The context for this heat map is that we'll look at dangerous passes.
Those are passes that lead to a shot within a certain time window.
"""

dangerous_passes_df = pd.DataFrame()

for match_id in match_ids:
    df = parser.event(match_id)[0]  # event data is at index 0
    for period in [1, 2]:
        # only keep accurate passes that were not set pieces in this period
        pass_mask = (df.team_name == team) & (df.type_name == "Pass") & (df.outcome_name.isnull()) & (df.period == period) & (df.sub_type_name.isnull())
        passes_df = df.loc[pass_mask, ["x", "y", "end_x", "end_y", "minute", "second", "player_name"]]

        # keep shots in this period
        shot_mask = (df.team_name == team) & (df.type_name == "Shot") & (df.period == period)
        shots_df = df.loc[shot_mask, ["minute", "second"]]

        # create a pandas Series with the pass times converted to seconds
        pass_times = passes_df["minute"] * 60 + passes_df["second"]

        # create a pandas Series with the shot times in seconds (pass window end)
        pass_window_end = shots_df["minute"] * 60 + shots_df["second"]

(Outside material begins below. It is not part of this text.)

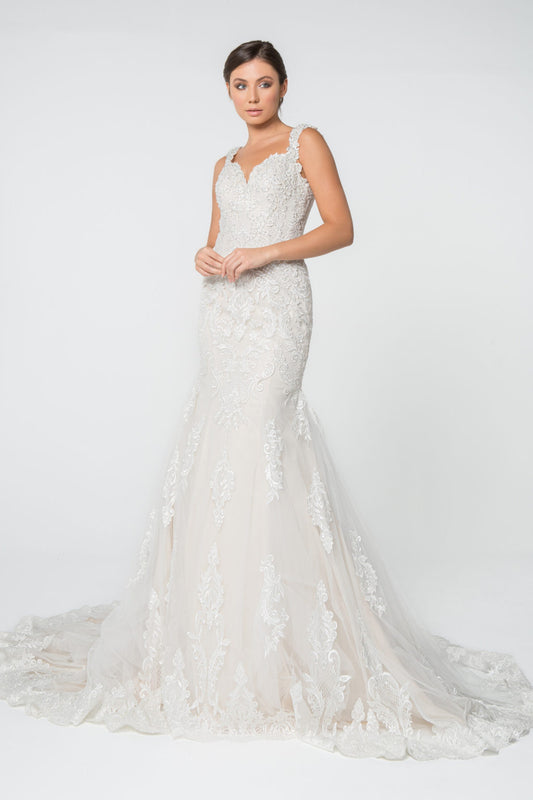 Lace and Jewel Embellished Mermaid Wedding Gown w/ Tail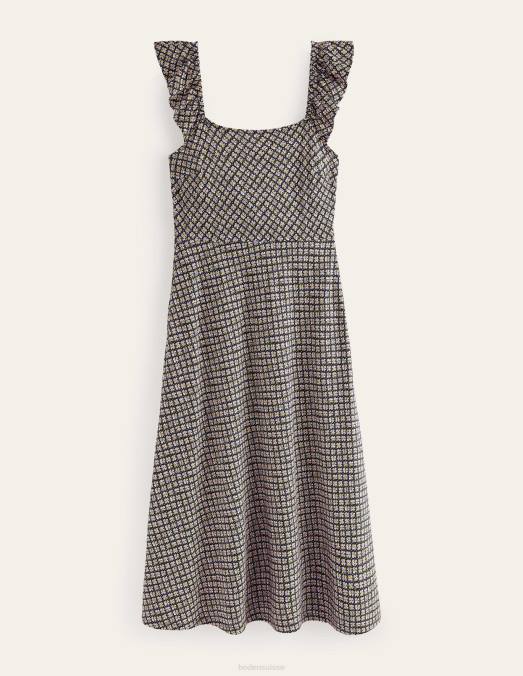 Boden vêtements bourgeon noir et fleuri femmes robe midi en jersey à volants LB2X1021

        # find start of window before shot (for example 15 seconds before)
        shot_window = 15
        pass_window_start = pass_window_end - shot_window

        # condition to avoid negative window start
        pass_window_start = pass_window_start.apply(lambda i: i if i > 0 else (period - 1) * 45)

        # collect passes that are within the pass window
        pass_to_shot = pass_times.apply(lambda x: True in ((x >= pass_window_start) & (x <= pass_window_end)).unique())

        # get passes from df
        dangerous_passes_period = passes_df.loc[pass_to_shot]

        # add to dangerous passes df
        dangerous_passes_df = pd.concat([dangerous_passes_df, dangerous_passes_period], ignore_index=True)

dangerous_passes_df.head()

Unnamed: 0,x,y,end_x,end_y,minute,second,player_name
0,114.6,16.4,111.3,7.1,22,40,Ellen White
1,32.9,70.0,42.0,68.5,30,26,Stephanie Houghton
2,41.7,71.0,45.1,76.5,30,27,Jill Scott
3,53.9,76.2,67.0,62.0,30,30,Nikita Parris
4,70.4,54.9,85.1,66.2,30,32,Jill Scott